Regia di Elia Kazan vedi scheda film
Johnny Friendly è il boss del sindacato dei portuali. Controlla le banchine e fa il buono e il cattivo tempo. Nonostante la polizia sa che è responsabile di diversi omicidi, non avendo testimoni pronti a puntargli contro il dito, per paura di ripercussioni e anche di perdere il lavoro. Terry, fratello di Charles, braccio destro di Johnny, ed ex pugile, si ribellerà al “sistema” anche a rischio della vita e non solo della sua.
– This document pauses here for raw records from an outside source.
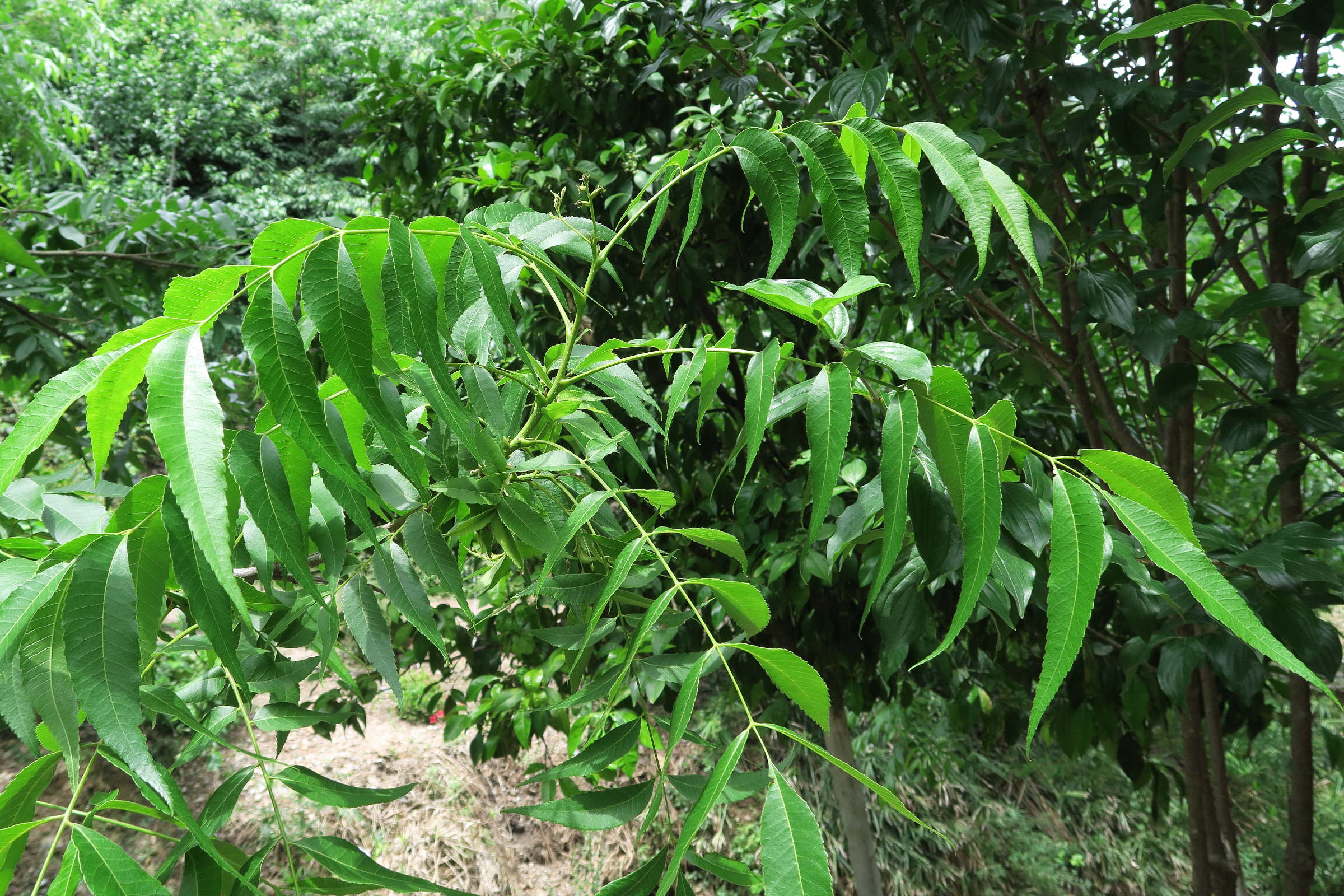 carya_illinoinensis1md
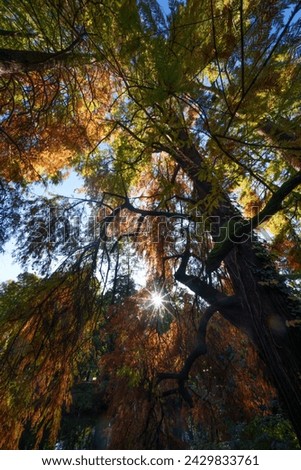 Similar – Oktober Umwelt Natur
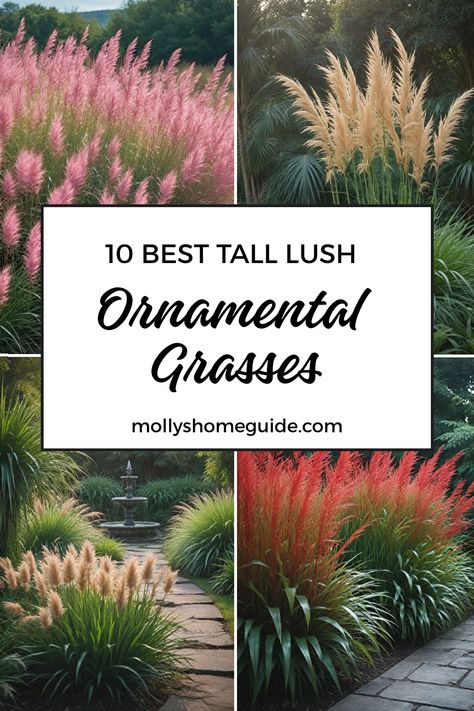 https://cdn.statically.io/img/mollyshomeguide.com/wp-content/uploads/2024/07/best_tall_ornamental_grasses_36df7795-4ea2-45c0-9dd6-eed6b1c7cca2.jpg?quality=100&f=auto Tall Grasses In Pots, Texas Native Grasses Landscaping, Ornamental Grass For Privacy, Shade Grasses Perennials, Large Grasses Landscaping, California Natural Landscaping, Landscape Grasses Ornamental Perennials, Privacy Grasses Tall, Beach Grass Landscaping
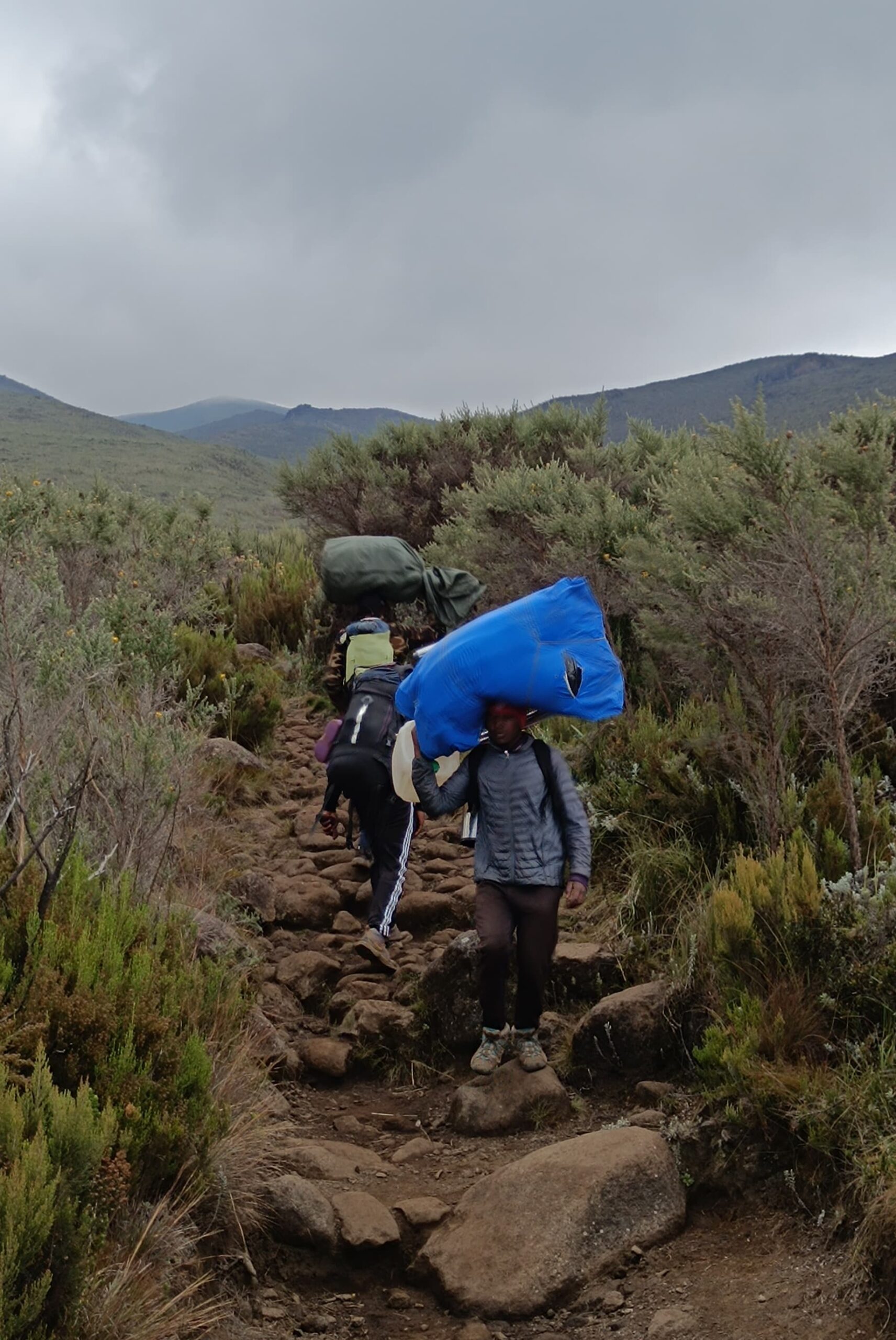 porters marangu route kilimanjaro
Con un bianco e nero quasi sporco, ritmi lenti, inesistenti inquadrature memorabili e dialoghi centellinati, Elia Kazan dirige uno dei suoi film più intensi. Costruisce una trama lineare su personaggi potenti. Oltre alla parabola personale e psicologica di Terry, che approfondiremo poi, a restare impresse sono diverse figure. Padre Barry, prete incorruttibile che non perde mai la voglia e l’occasione di sputare in faccia ai delinquenti il suo disprezzo; Charley Malloy che vive all’ombra di Johnny ed effettivamente non inquadriamo mai fino in fondo e poi lo stesso Johnny Friendly, circondato da buoni a nulla che lo venerano e per questo convinto di poter essere intoccabile, almeno fin quando non sarà lui a pizzicare le corde sbagliate, servendoci e servendosi note stonate.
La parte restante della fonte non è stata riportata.